Mubadalah.id – Visi rahmatan lil ‘alamin dan misi akhlak karimah dijalankan al-Qur’an melalui ayat-ayat yang diturunkannya. Juga termasuk isu-isu relasi laki-laki dan perempuan, pada masa Nabi Muhammad Saw.
Visi dan misi ini harus terus digaungkan sepanjang masa, dan menjadi fondasi segala rumusan keputusan-keputusan hukum yang harus muncul pada berbagai konteks yang berbeda.
Terutama konteks kontemporer kita saat ini, di mana para perempuan terus mengalami kekerasan dan ketidakadilan, yang di antaranya dilestarikan dengan alasan penafsiran teologis tertentu.
Inspirasi yang serupa, tentang pemihakan pada perempuan, juga bisa kita temukan dalam Hadis atau Sunnah Nabi Saw.
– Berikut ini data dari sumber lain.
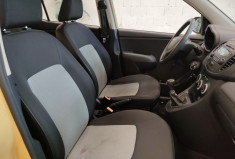 Hyundai I10 I 1.1i 66ch 1ère main BASE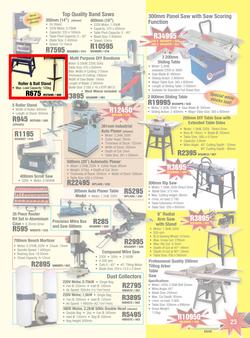 Adendorff Machinery Mart (15 May - 15 Jun 2015), page 23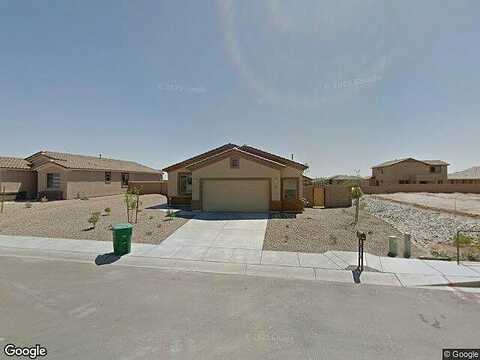 Stone Palisade, MARANA, AZ 85658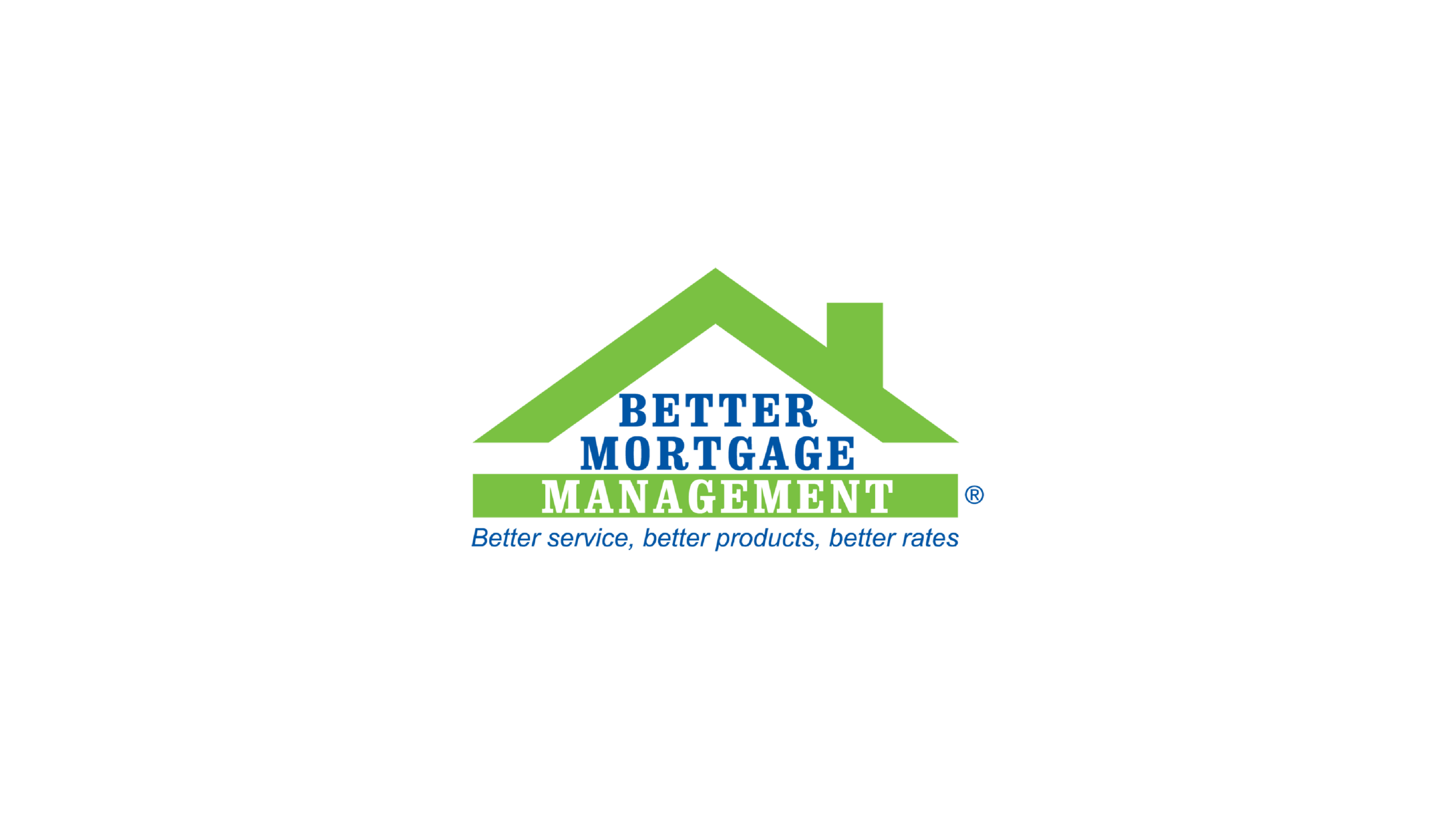 Better Mortgage Management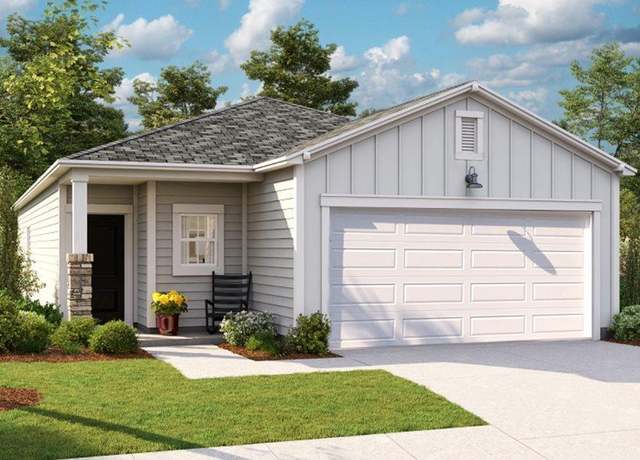 Property at 1171 Lot 159 Annapolis Silver Perch Pl, Sunset Beach, NC 28468, 3 beds, 2 baths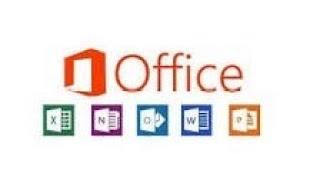 MS office 2013 zip download || only 523mb || direct link || easy steps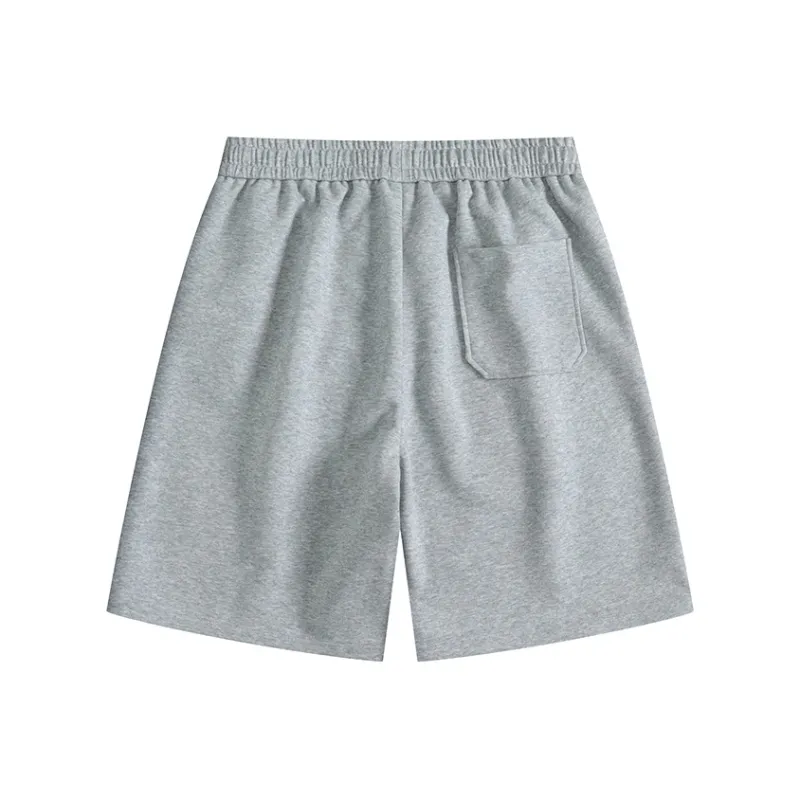 KAIPAINEN Casual Shorts Unisex-14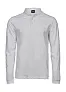  Polo majica s elastinom - Tee Jays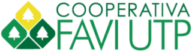 Cooperativa FAVI UTP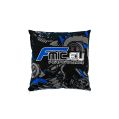 Pillow FMIC.EU-2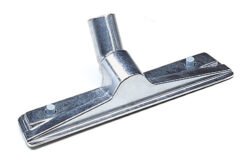 STIHL ALUMINIUM FLOOR NOZZLE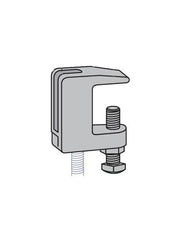 HAYDON 73657 PIPE FITTINGS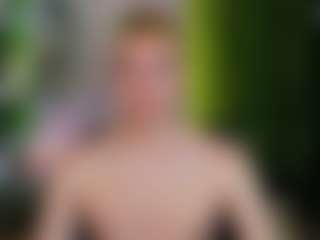 john-lik's Live Sex Cam Show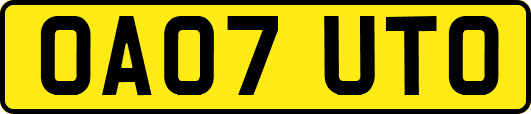 OA07UTO
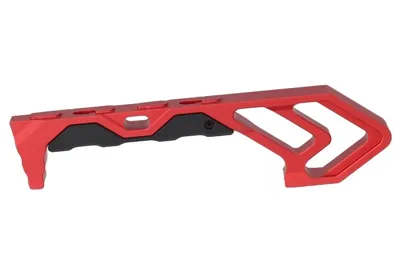 TD MOD Grip for KeyMod - Metal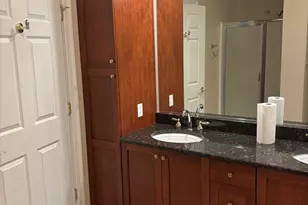 2303 Davenport Ave, Canton, MA 02021 - Photo 17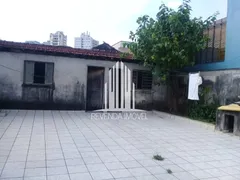 Casa com 2 Quartos à venda, 300m² no Pinheiros, São Paulo - Foto 4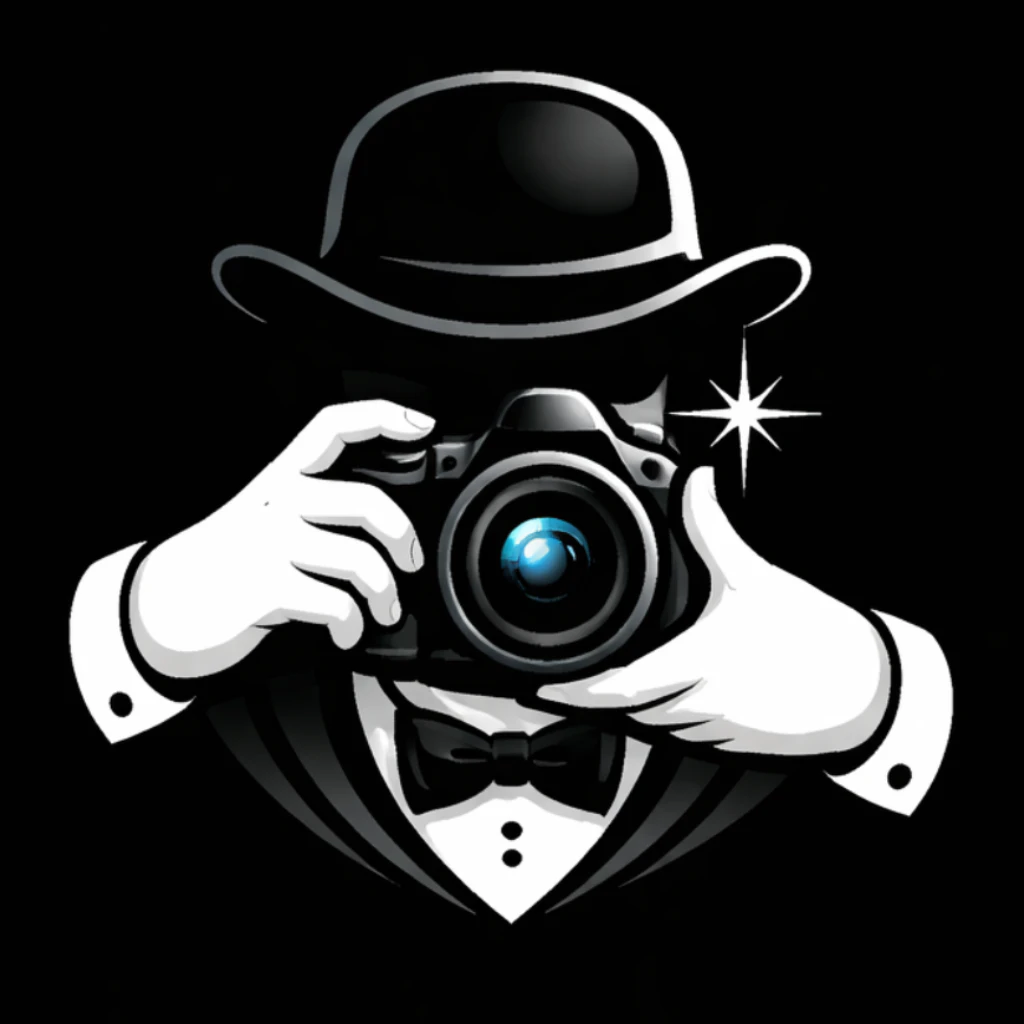 Pro2Camera
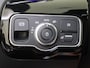 Mercedes-Benz A-klasse 250 e Premium Plus Panoramadak / Nightpakket / Parkeercamera / A35 Look / Sfeerverlichting /
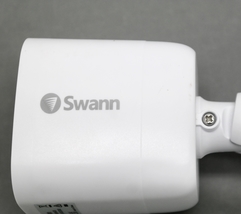 Swann PRO-1080MQB 1080p Warning Light Security Camera image 5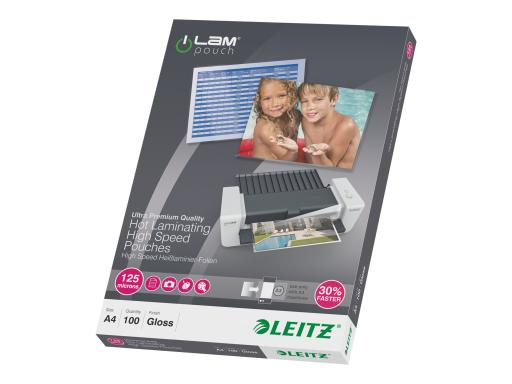 Image d30a44df-96c7-4371-8e5f-1dfd8a9f95e6.jpg Image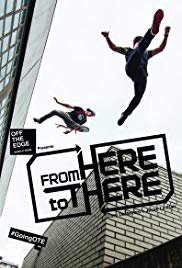 Watch Free From Here to There (2015)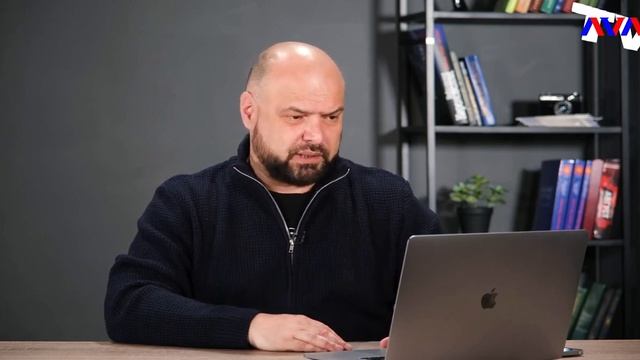 Ежедневник, 28 октября – Защитник России Додон фон Бисмарк смотреть онлайн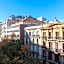 Cosmo Apartments Passeig de Gràcia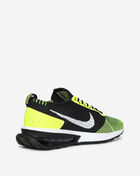 Air Max Flyknit Racer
Sekalipun cikal bakal penulisan Hadis sudah mulai kecil-kecilan pada masa Nabi SAW dan para sahabat.
Tetapi momentum umat Islam merujuk pada kitab Hadis yang valid dan otoritatif terjadi jauh di abad ketiga hijriah. Yaitu saat muncul kitab Shahih Bukhari (w. 256/870).
Sebelumnya, kitab al-Muwaththa’ Imam Malik (w. 179/792) tidak sempat mendapat penerimaan publik yang masif sebagai kitab Hadis yang valid dan otoritatif.
Begitu pun Mushannaf Abdurrazzaq (w. 211/826), Mushannaf Ibn Abi Syaibah (w. 235/849), dan Musnad Ahmad (w. 241 H/855).
Shahih Bukhari bukan kitab Hadis yang pertama, bukan juga yang terakhir. Setidaknya ada enam kitab Hadis yang paling otoritatif (al-kutub as-sittah). Ada juga yang menambahnya menjadi sembilan (al-kutub at-tis’ah).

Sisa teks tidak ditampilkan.